L'immigration n'est ni un fléau à combattre à tout prix, ni un phénomène à ignorer. C'est une réalité géographique et humaine qui nécessite des solutions humaines et durables, en concertation avec les pays voisins, notamment les Comores.
Sur le foncier, la tradition du “banga”, l'habitat informel à Mayotte, ne peut être balayée d'un revers de main au nom de la modernité. Il faut accompagner les transformations, non les imposer.
L'expertise locale doit primer sur les solutions technocratiques venues d’ailleurs.
Malgré ces réserves, un optimisme mesuré semble de mise.
Pour la première fois depuis longtemps, Mayotte bénéficie d'une attention politique soutenue et de moyens conséquents. Le plan de souveraineté alimentaire témoigne d'une vision à long terme. La valorisation de la position géostratégique de l'île ouvre des perspectives économiques prometteuses.
La vraie question demeure celle de la continuité.
Combien de “plans Mayotte” ont été annoncés en fanfare puis enterrés ?
Le plan "Mayotte 2025, une ambition pour la République" de 2015 rappelle douloureusement que les bonnes intentions ne suffisent pas. Lancé en 2015, ce plan avait pour objectif de parvenir à l'égalité sociale pour Mayotte d'ici 2025. Il s'agissait de rapprocher les prestations et les normes sociales de Mayotte de celles de la France métropolitaine.
Selon plusieurs députés, le "Plan Mayotte 2025" n'a pas tenu ses promesses. Notamment, la députée Rassemblement National de la deuxième circonscription de Mayotte, Mme Anchya Bamana, considère comme “insupportable" le fait que le gouvernement ait depuis repoussé l'échéance de l'égalité sociale à 2031. Ce retard signifie que l'État n'a pas respecté ses engagements. Lors des débats parlementaires de ces jours derniers, Manuel Valls, ministre des Outre-mer, a précisé qu'il n'était pas le Premier ministre à l'origine du "Plan Mayotte 2025", bien qu'il ait été Premier ministre à peu près à cette époque; il fut Premier ministre du 31 mars 2014 au 6 décembre 2016.

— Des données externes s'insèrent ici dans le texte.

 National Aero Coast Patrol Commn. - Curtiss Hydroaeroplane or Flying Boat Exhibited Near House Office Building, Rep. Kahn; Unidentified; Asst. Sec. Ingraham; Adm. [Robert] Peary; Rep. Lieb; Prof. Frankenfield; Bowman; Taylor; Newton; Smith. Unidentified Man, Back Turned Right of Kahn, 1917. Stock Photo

Ce contexte indique que le gouvernement actuel gère l'héritage d'un plan d'une administration précédente, que beaucoup perçoivent comme une série de "promesses non tenues" et une "spirale de discours sans résultats". La discussion parlementaire en cours sur la "loi de programmation pour la refondation de Mayotte" est, en partie, une tentative de traiter les problèmes de longue date que le "Plan Mayotte 2025" avait l'intention de résoudre, sans y parvenir.

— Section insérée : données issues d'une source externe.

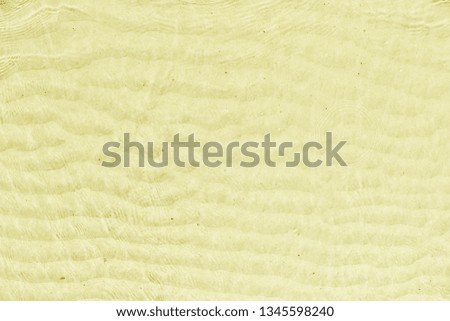 Yellow wave pattern on the sand in the sea.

Le véritable tournant, cette fois, serait peut-être la mise en place d’un suivi parlementaire rigoureux, seul moyen d’échapper à l’amnésie administrative.
Ce qui se joue, c’est la République elle-même
Les 320 000 habitants de Mayotte ont droit aux mêmes services, aux mêmes chances, que les citoyens de Marseille ou de Lille. Mayotte est une chance pour la République, mais elle en est aussi le test ultime. Abandonner ce territoire, ou lui imposer une République punitive, c’est renoncer à ce que nous prétendons être.
Mais cette ambition ne pourra se concrétiser qu'à condition de dépasser les clivages idéologiques pour privilégier l'efficacité et le respect des populations.
L'enjeu dépasse Mayotte; ce qui se joue, c’est la crédibilité de la République dans sa capacité à faire vivre l’égalité territoriale.
L’heure n’est plus aux promesses. L’heure est à la refondation. Une refondation qui respecte la dignité, la mémoire, et l’avenir des Mahorais. Ce qui se joue ici n’est pas seulement une réforme, mais la cohérence de notre projet républicain.
Sinon, la situation de Mayotte risque de devenir le prélude à des défis similaires sur d'autres territoires.